I’m sitting in a hotel room outside NYC thinking about my life, and the choices I’ve made that have landed me where I am now. I am not camping, living out of my car and kayaking every day. I am not surrounded by the people who make me the happiest and who I trust my life with. I am not tending bar or waiting tables, nor am I participating in the occasional safety meeting here and there. I am not living in the moment and I am not carefree. I have entered the corporate white colored world of business meetings, conference calls, and expense reports. 

Like a movie real playing in my mind, over and over, sitting in my kayak in an eddy, facing up stream. Eyes closed, I’ve memorized the rapid, each move, each hazard, what line I need to have. My heart beats fast. I breathe in through my nose, out through my mouth. My prayers consist not of safe passage, but of gratitude for the experiences I’ve been fortunate to have on planet earth; the good, the bad, even the ugly. What seems like four or five lifetimes of adventure, I appreciate every last one and the incredible people I’ve met along the way. Kayaking is not a hobby for me but a way I choose to live my life. She is not conniving or scandalous and she commands respect. She is always there when you need her. She is challenging, loyal, sexy, charismatic and electric. She is encompasses everything that is genuine, sincere, and real. I respect her more than I respect myself. She is the doorway to an incredible life and I love her for that. 

I miss my old life.


----------



## caspermike (Mar 9, 2007)

Aaron broseph we need to boat again at least you do, its on me man lets fin go...


----------



## mania (Oct 21, 2003)

That was well said Aaron. I miss my old raft guiding life but not my old income. Weekend warrioring has its merits. Make the best of the situation you are in.


----------



## Gremlin (Jun 24, 2010)

Life evolves and revolves. Don't give up hope. You can change direction at any time. I knew I was on a path that would not allow me to enjoy life and work to make a living so I gave up the career, the comfortable home, the nearby family, and moved with less than $1000 to my name. This was one month after getting married (my wife was on board and the $1000 was mostly "wedding gifts" mailed to us when our families learned we eloped). I had a short list of things I felt I would really need in a new place. The biggest was a feeling of belonging to a community. After living my entire life in the Chicago area, I never felt like I had "neighbors". When I moved to New Castle, Colorado, I didn't know anything about rafting, mountain biking, skiing, or windsurfing. I'd never camped in wilderness. I remember the guy next door introducing me to a guy a few blocks away who could rebuild the starter for my Gremlin and sharing a beer. 

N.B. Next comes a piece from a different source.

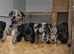 Labrador puppies
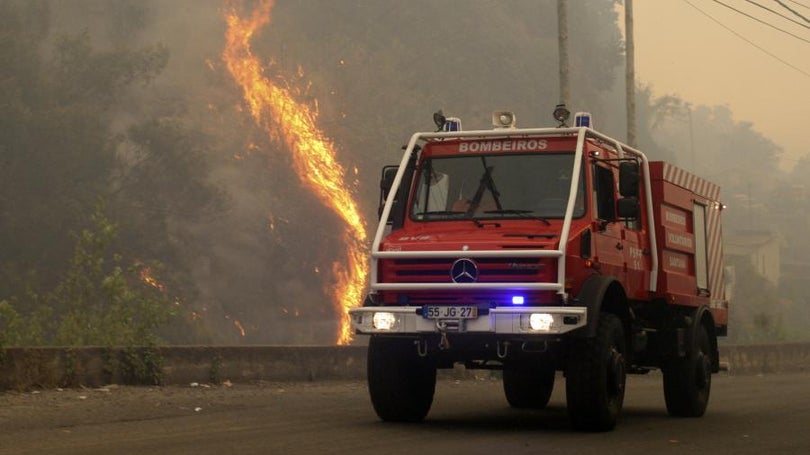 Madeira investe 1,1 milhões de euros no combate a incêndios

Seventeen years later and I don't regret my 401k shortcomings. In fact, it has worked out better than I could have imagined. And I've floated over 500 miles in the last year

Keep working hard and when the time is right you will know you need to make a big change. It might be closer than you realize!


----------



## catfishbates (Sep 12, 2012)

I agree with mike. Anytime anywhere lets go!!! My favorite trip was this year when we hit prospect and the yaak. Freezing ass cold. Heater in the car broke. But the water and the good times are enough to make me wanna go back.


----------



## mttodd (Jan 29, 2009)

Hang in there, or don't. Do what you think will lead to your greater well being. If toughing out some crappy white collar shite will allow you some better equipped river time in the near future, so be it. Do what feels right.


----------



## Captain (Sep 8, 2013)

Well said, but you aint that far from the Gauley, Go get some!


----------



## didee99 (Jun 23, 2010)

The top 5 regrets people have on their death beds:
Inspiration and Chai


----------



## Cookie (Mar 5, 2011)

Six years ago, my first summer as a mountain guide, one of my clients told me that he wished he could live like me. (I was 21, living in my 4-runner on less than 10k/year, and climbing more than 6 months a year. I had never been happier) He was not the first person to tell me that, and certainly not the last, but when I told him: "you can", he took my advice, moved is family from the east coast to Aspen, CO, and when I ran into him last summer in the mountains, this 45+ yr old guy with a wife and two kids reminded me of my giddy 21 year old self. 

That said, I am ready to plan my own exit strategy from being a total dirtbag... thinking about going back to school. So far just thinking (for a few years!). There is a happy medium somewhere. Just remember... you can do anything you want. Maybe think about where your own happy medium would be.


----------



## BCxp (Jun 3, 2012)

Some great rivers in the Empire State as well as New England. Some fine coastal surfing, too plus tidal waves. Places are closer than out West. If ur close to Manhattan, gotta check out New York Kayak Co. Hardest core paddlers there and prolly super info source. Hop in one of their sea boats and take a paddle around NYC. That'll blow u away and is anything but easy. Think they do it all year long, but u have to pass their qual test first. Perk up... theres great paddling near you. Also try the Black R. in NY.Look up kayak/canoe/raft gear territory reps for leads. Maybe REI, too. Certainly paddle and ski shops and Boater Talk online.
HTH


----------



## lmyers (Jun 10, 2008)

What the hell are you doing in NYC attending meetings and completing reports? That doesn't sound like you at all....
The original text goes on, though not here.